Task directions: Down to the last line, reproduce the data that follows, but skip the pictures.

Dataset content:
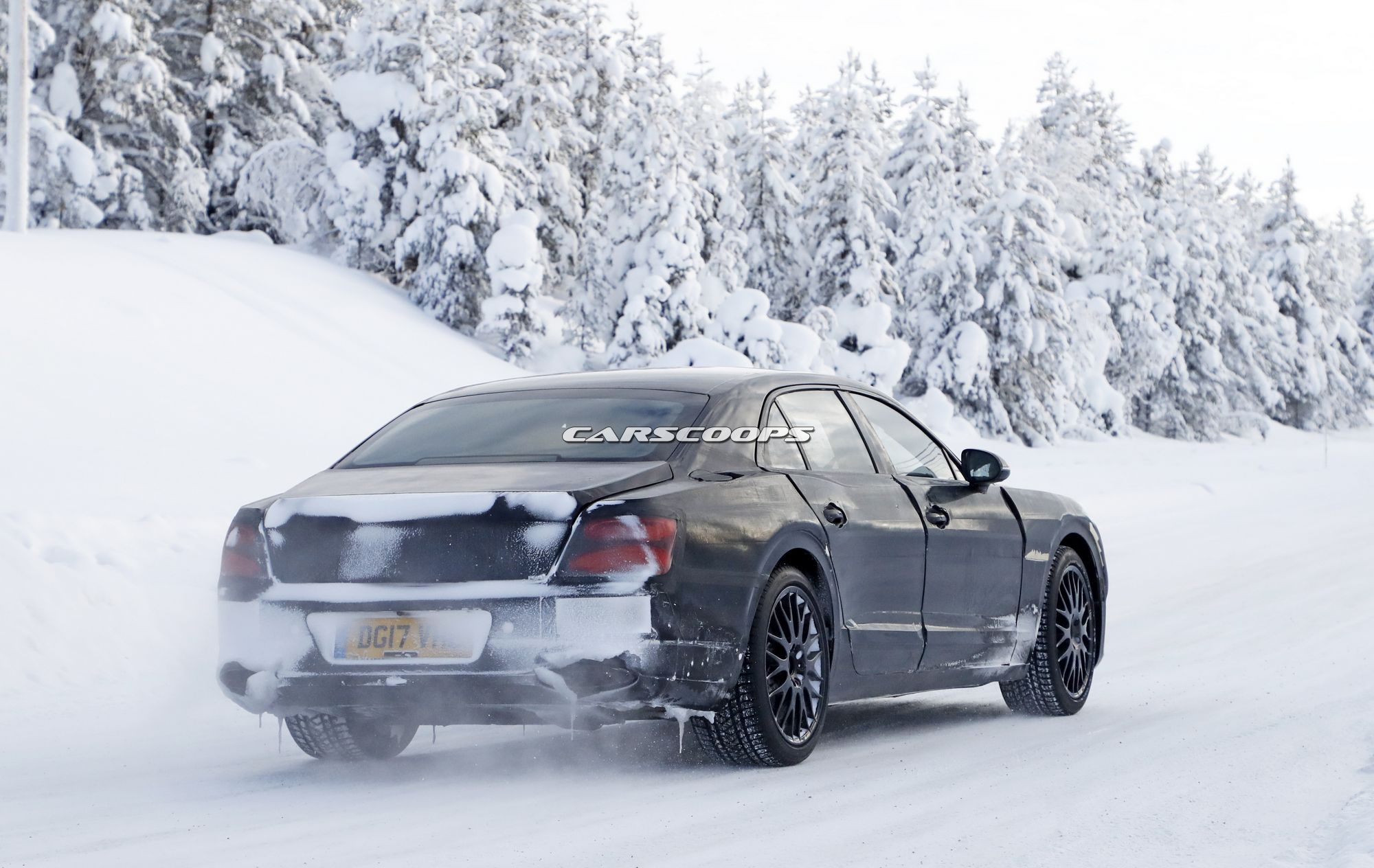 Bentley-Flying-Spur-Spy-13 2019 Bentley Flying Spur Wants To Steal Your Heart (And Your Wallet)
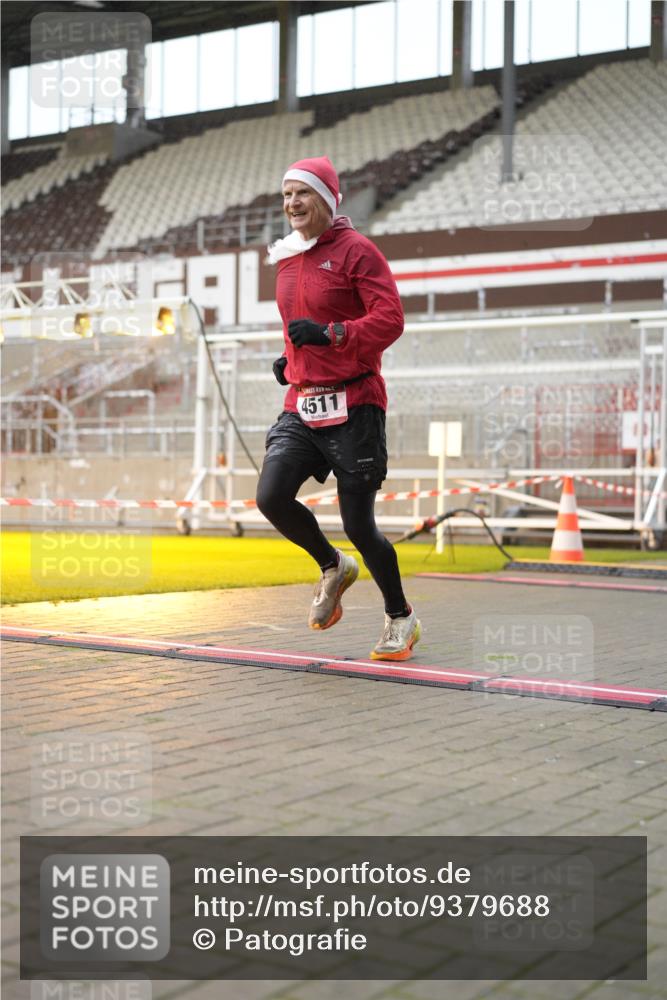 07.12.2025 - St. Pauli X-Mass-Run No. 15 Patografie http://msf.ph/oto/9379688 07.12.2025 10:14:30 Ziel 1158, 2564, 2617, 2618, 2864, 3565, 4508 meine-sportfotos.de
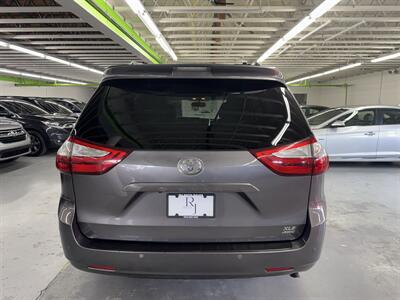 2017 Toyota Sienna XLE 7-Passenger ONE OWNER AWD - Photo 5 - Portland, OR 97267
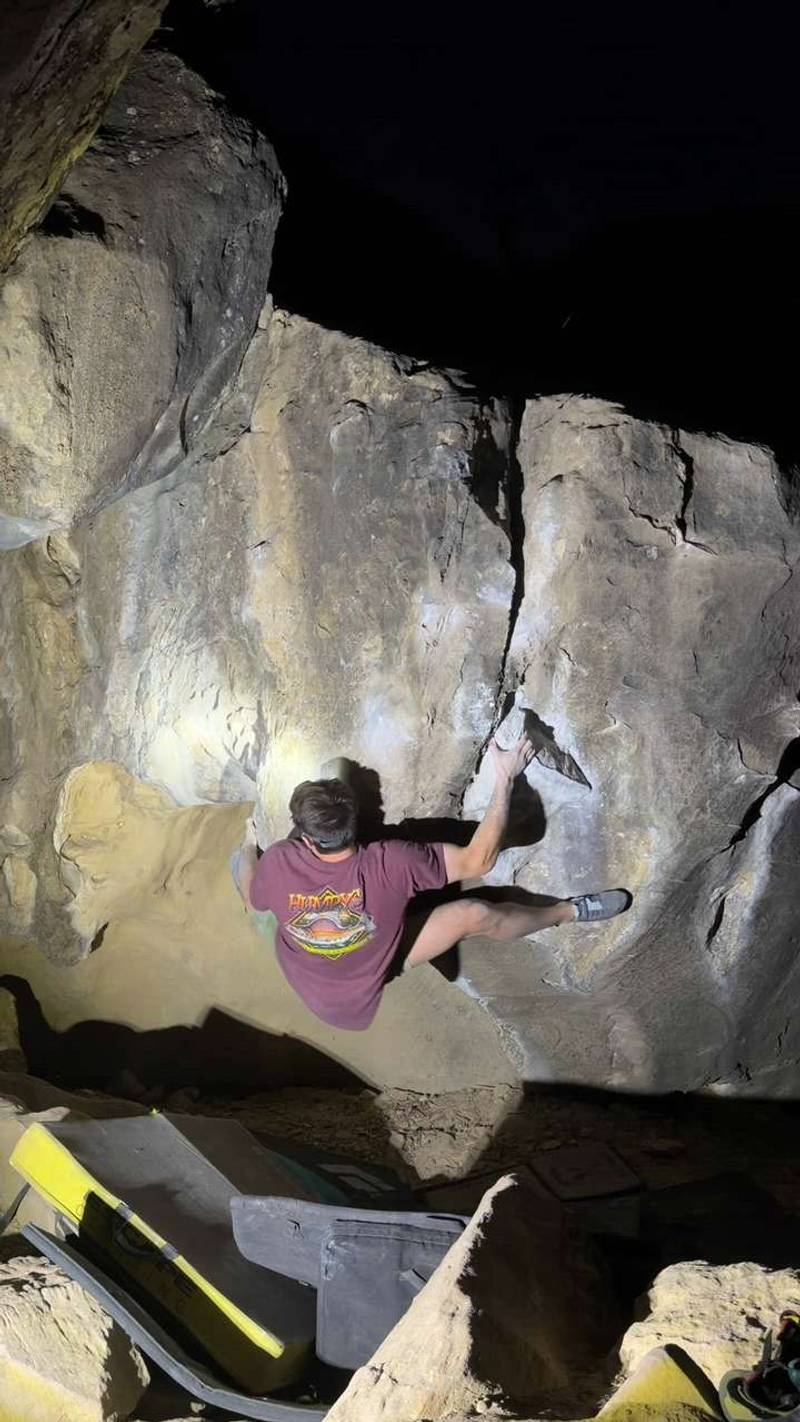 Electric Fence (left) v7, Joe's Valley - Beta Video from slapthesloper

Answer:
 Bentley-Flying-Spur-Spy-13 2019 Bentley Flying Spur Wants To Steal Your Heart (And Your Wallet)
 07.12.2025 - St. Pauli X-Mass-Run No. 15 Patografie http://msf.ph/oto/9379688 07.12.2025 10:14:30 Ziel 1158, 2564, 2617, 2618, 2864, 3565, 4508 meine-sportfotos.de
 2017 Toyota Sienna XLE 7-Passenger ONE OWNER AWD - Photo 5 - Portland, OR 97267
 Electric Fence (left) v7, Joe's Valley - Beta Video from slapthesloper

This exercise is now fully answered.